The Conservatives lost their parliamentary majority in Thursday’s election – a vote May called in a bid to strengthen her mandate ahead of exit talks with the EU. Instead, she has left Britain’s government ranks in disarray, days before the divorce negotiations are due to start on June 19.

May’s party won 318 seats, 12 fewer than it had before the snap election, and eight short of the 326 needed for an outright majority. Labour surpassed expectations by winning 262.

Former Treasury chief George Osborne – who was fired by May last year – called May a “dead woman walking,” and opposition leader Jeremy Corbyn said he was ready to contest another election at any time.

Many senior Conservatives say May should stay, for now, to provide stability. But few believe she can hang on for more than a few months.

“I think her position is, in the long term, untenable,” Conservative lawmaker Anna Soubry told Sky News.

But Graham Brady, who chairs the influential 1922 Committee of backbench Conservative lawmakers, said a “self-indulgent” party leadership campaign would only cause more uncertainty.

He acknowledged that the government would be unable to get many of the measures promised in its election platform through Parliament.

May called the election to win explicit backing for her stance on Brexit, which involves leaving the EU’s single market and imposing restrictions on immigration while trying to negotiate free trade deal with the bloc. Some say her failure means the government must now take a more flexible approach to the divorce, potentially softening the exit terms.

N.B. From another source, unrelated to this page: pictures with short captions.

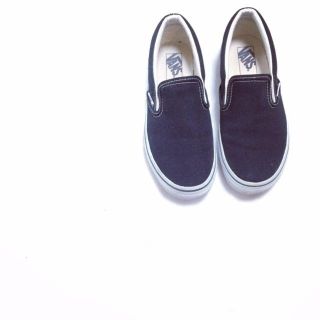 ユナイテッドアローズ(UNITED ARROWS)のVANS キャンバスシューズ(スニーカー)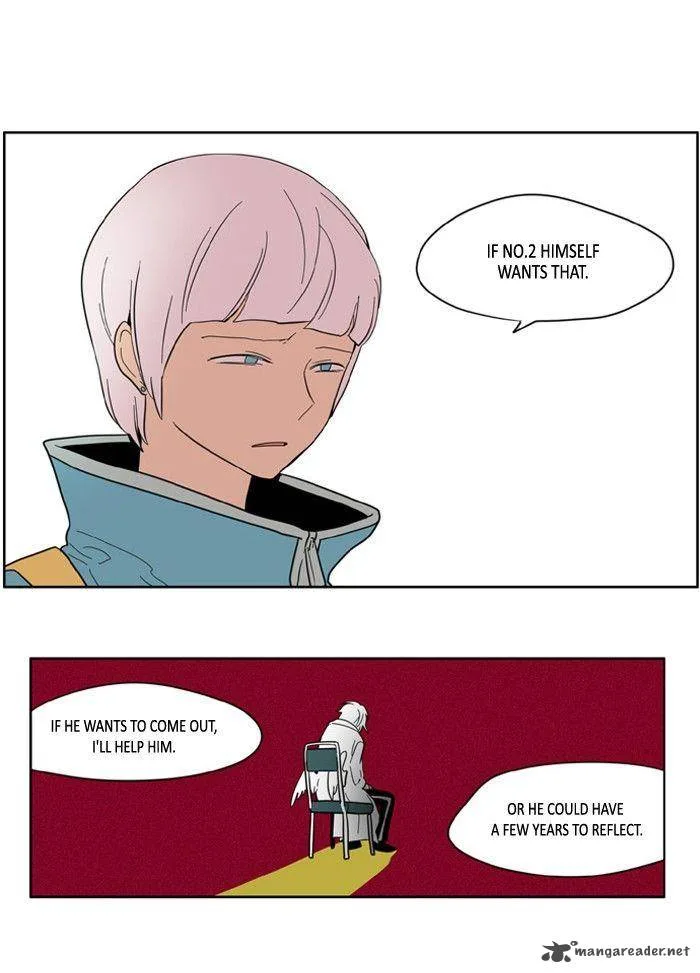 I Don't Want This Kind of Hero Chapter 116 page 14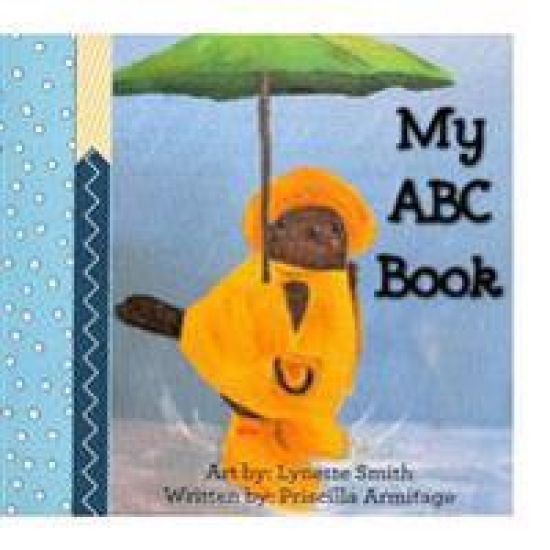 My ABC Book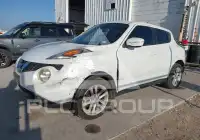 2016 Nissan Juke фото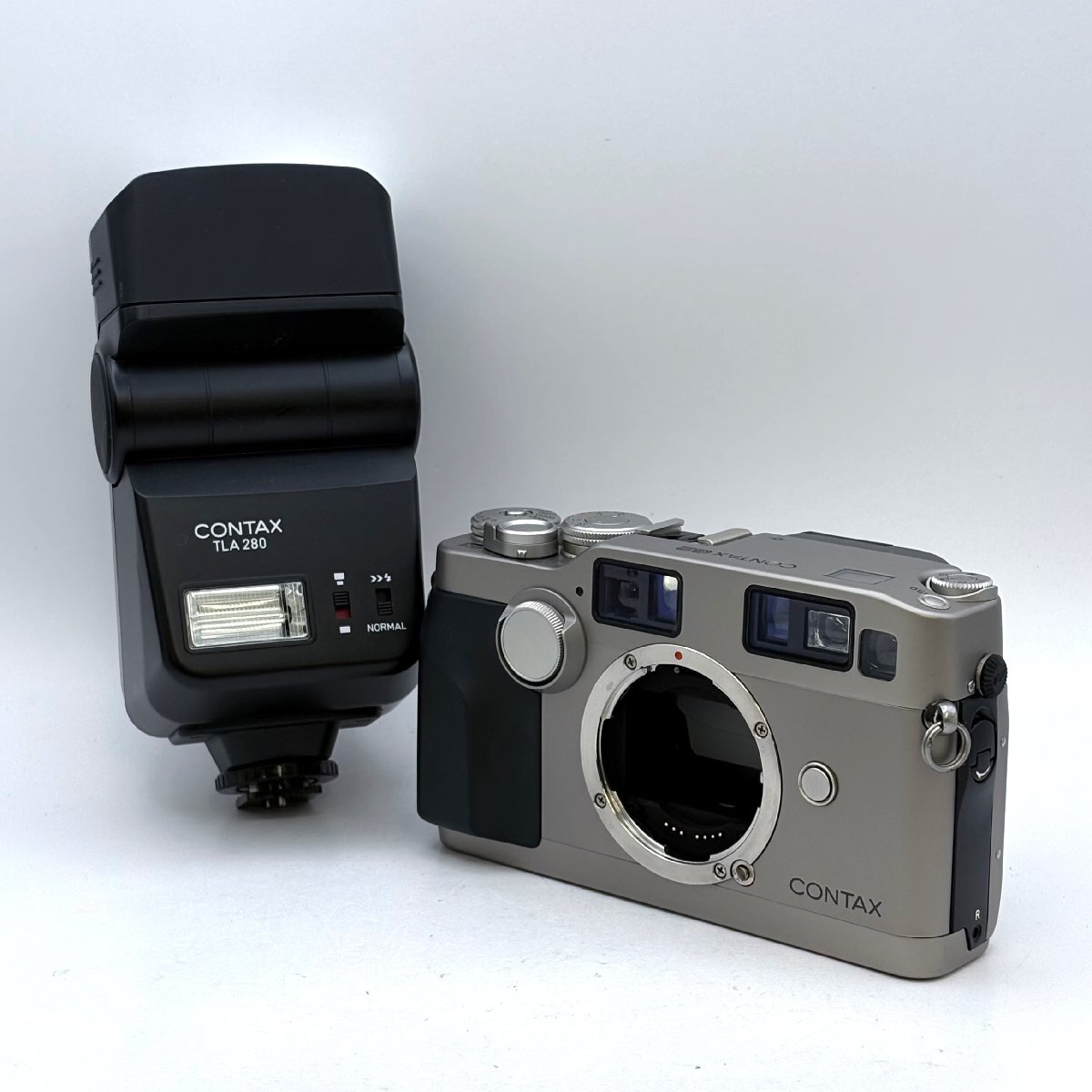 Yahoo!オークション -「contax g2 ジャンク」の落札相場・落札価格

Scottish Conservative leader Ruth Davidson, who took the party from one Scottish seat to 13, said there would now have to be “consensus within the country about what it means and what we seek to achieve as we leave.”

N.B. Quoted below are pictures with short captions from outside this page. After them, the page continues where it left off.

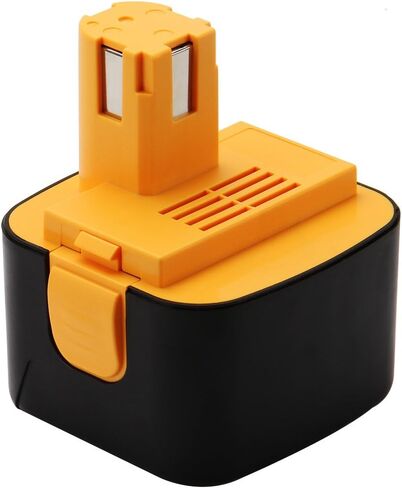 Shentec 12V 3000mAh Ni-MH Replacement Battery Compatible with Panasonic EY9001 EY9200 EY9200B EY9201 EY9201B EY9101 EY9108 EY9005B EY9006B EY9106 EY9106B in Saudi Arabia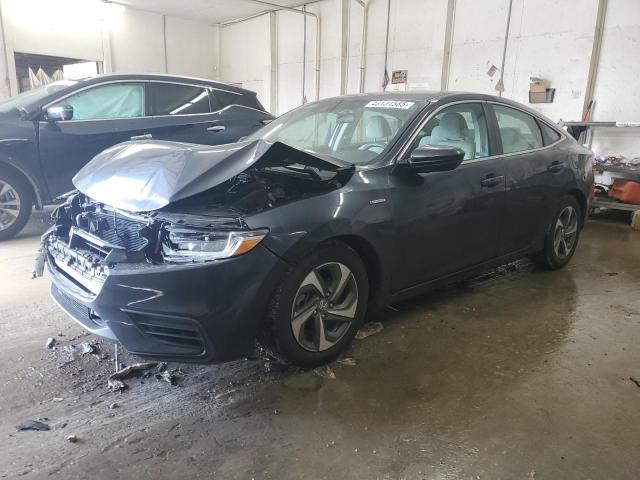  Salvage Honda Insight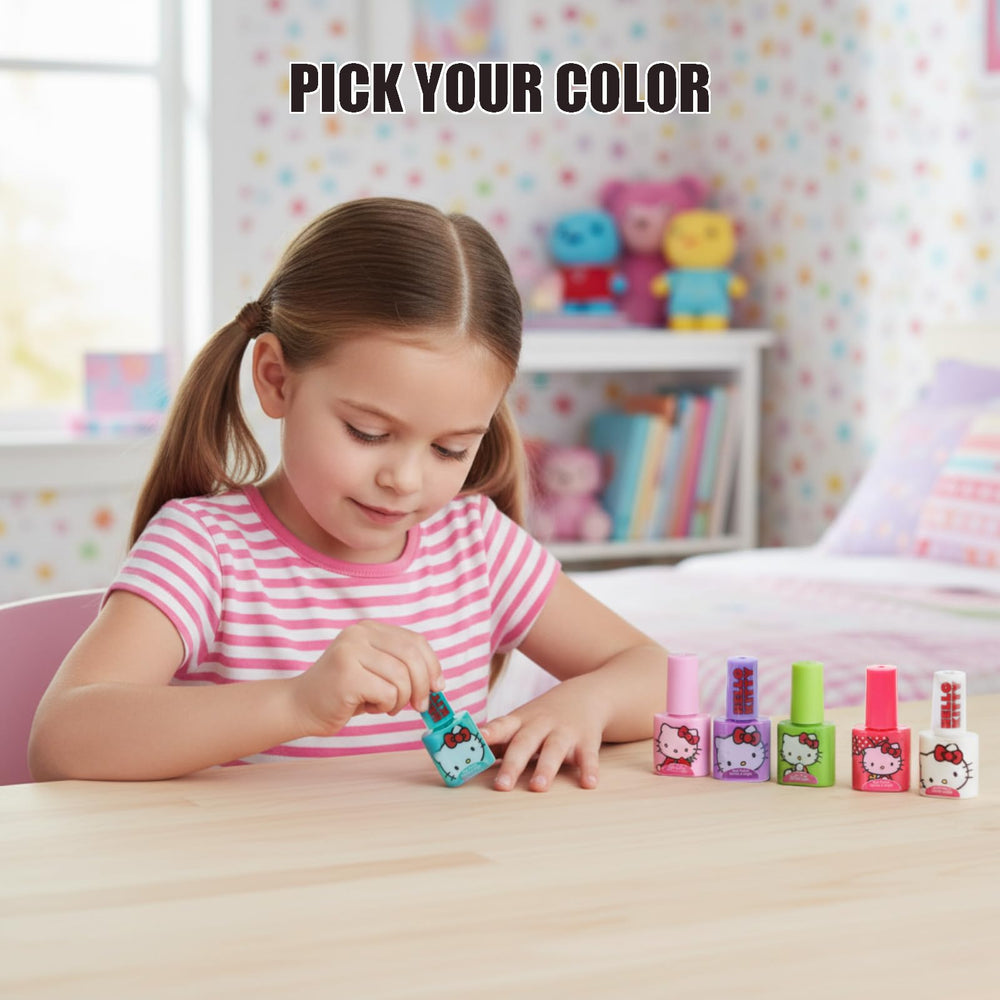 Vernis opaques colorés pour des looks nets et audacieux.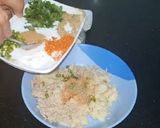 A picture of step 2 of Potato Malai cutlets 2 way.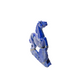 Very beautiful art natural high quality lapis lazuli horse figurine stone handmade from Badakhshan ,Afghanistan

To stay in power, the Conservatives are seeking support from Northern Ireland’s Democratic Unionist Party. May’s office said Saturday principles of an agreement had been reached, but the two sides later clarified that they are still talking.

“We have made good progress but the discussions continue,” DUP leader Arlene Foster said.

Downing Street said it hopes to finalize the deal next week, after Parliament resumes sitting.

The two sides are looking to form a “confidence and supply” arrangement. That means the DUP would back the government on confidence motions and budget votes, but it’s not a coalition government or a broader pact.

The alliance makes some modernizing Conservatives uneasy. The DUP is a socially conservative group that opposes abortion and same-sex marriage and had links to Protestant paramilitary groups during Ireland’s sectarian “Troubles.”

Conservative lawmaker Nicky Morgan told ITV that she could support a confidence and supply arrangement with the DUP, but any closer deal would be “a step too far.”

A deal between the government and the DUP could also unsettle the precarious balance between Northern Ireland’s British loyalist and Irish nationalist parties, whose power-sharing administration in Belfast collapsed earlier this year.

Irish Prime Minister Enda Kenny tweeted Sunday that he had spoken with May “and indicated my concern that nothing should happen to put (the Good Friday Agreement) at risk.”

The 1998 Good Friday agreement set up power sharing in Northern Ireland, largely ending years of sectarian violence.

The British government doesn’t have long to ink a deal. It is due to present its platform for the next session in the Queen’s Speech at the State Opening of Parliament on June 19. The speech will be followed by several days of debate and a vote. By tradition, defeat on a Queen’s Speech vote topples the government.

Corbyn said Labour would try to amend the Queen’s Speech to include its own commitments to end austerity and boost public spending. Without the amendments, he said Labour would try to vote down the speech.

“I don’t think Theresa May and this government have any credibility,” Corbyn told the Sunday Mirror, predicting that there could be another election within months.

“I can still be prime minister,” Corbyn said. “This is still on.”

See Corbin “I can still be prime minister.”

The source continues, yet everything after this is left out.